4.3 Kort financieren versus lang financieren 4.3.1
Vitaal Wonen hanteert de “gouden” balansregel dat vaste activa in principe worden gefinancierd met langlopende financieringen, waarbij de financiering maximaal 75% bedraagt van de bedrijfswaarde van de vaste activa. Daarnaast volgt Vitaal Wonen de richtlijn van het WSW, welke aangeeft dat maximaal 7,5% van het balanstotaal met kort geld (liquiditeitstypische looptijd is korter dan wel gelijk aan 12 maanden) gefinancierd mag worden.
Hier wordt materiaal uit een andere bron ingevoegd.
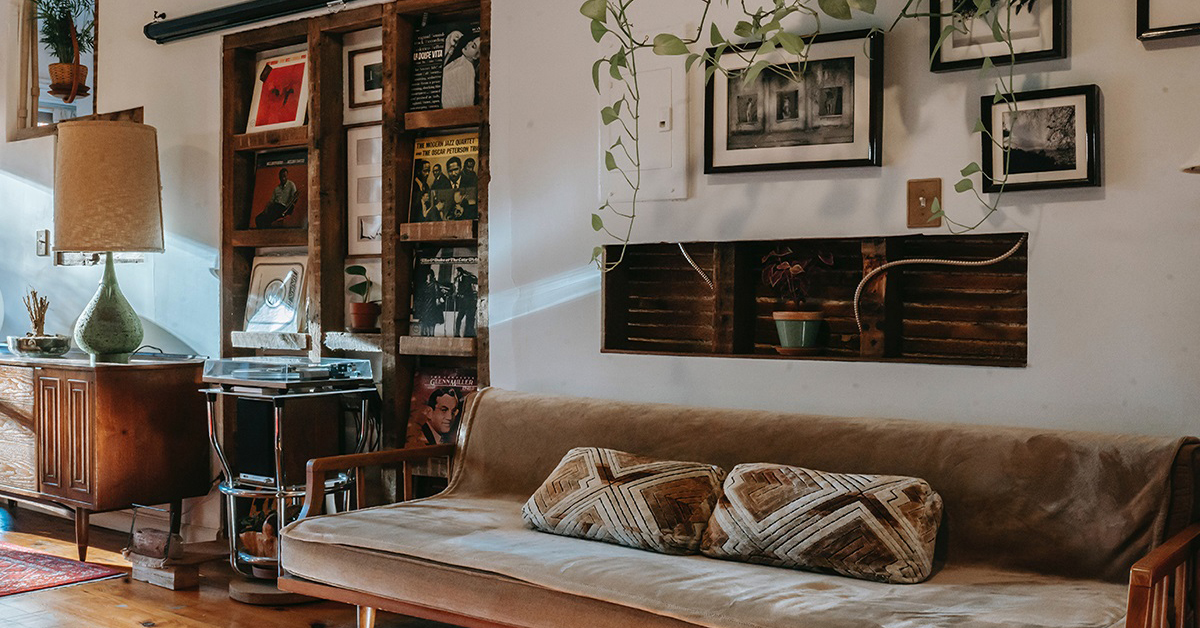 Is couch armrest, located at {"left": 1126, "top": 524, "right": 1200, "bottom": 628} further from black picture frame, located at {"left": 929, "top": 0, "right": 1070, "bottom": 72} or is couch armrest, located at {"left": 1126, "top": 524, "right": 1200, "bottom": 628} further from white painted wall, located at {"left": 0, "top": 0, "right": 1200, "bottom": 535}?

4.4 Leningsmodaliteiten 4.4.1
In principe zijn alle leningsvormen toegestaan: fixe-leningen, annuïtaire leningen, lineaire en roll- over leningen, al dan niet met een variabele hoofdsom. De keuze ten aanzien van de leningsvorm wordt bepaald door de geprognosticeerde kasstromen van Vitaal Wonen. De kasstromen voortvloeiende uit de nieuw aan te trekken lening(en) worden, zoveel als mogelijk, gematched met de kasstromenprognose.
4.5 Vermogenskostenvoet 4.5.1
Om een zo laag mogelijke externe vermogenskostenvoet te bewerkstelligen, hanteert Vitaal Wonen bij het aantrekken van nieuwe financieringen het volgende uitgangspunt: is de huidige rente laag ten opzichte van de verwachte rente dan wordt in principe gestreefd naar financiering met een vaste rente en een lange looptijd. Omgekeerd geldt dat als de huidige rente hoog is ten opzichte van de verwachte toekomstige rente dan wordt in beginsel kort (intern of extern) gefinancierd.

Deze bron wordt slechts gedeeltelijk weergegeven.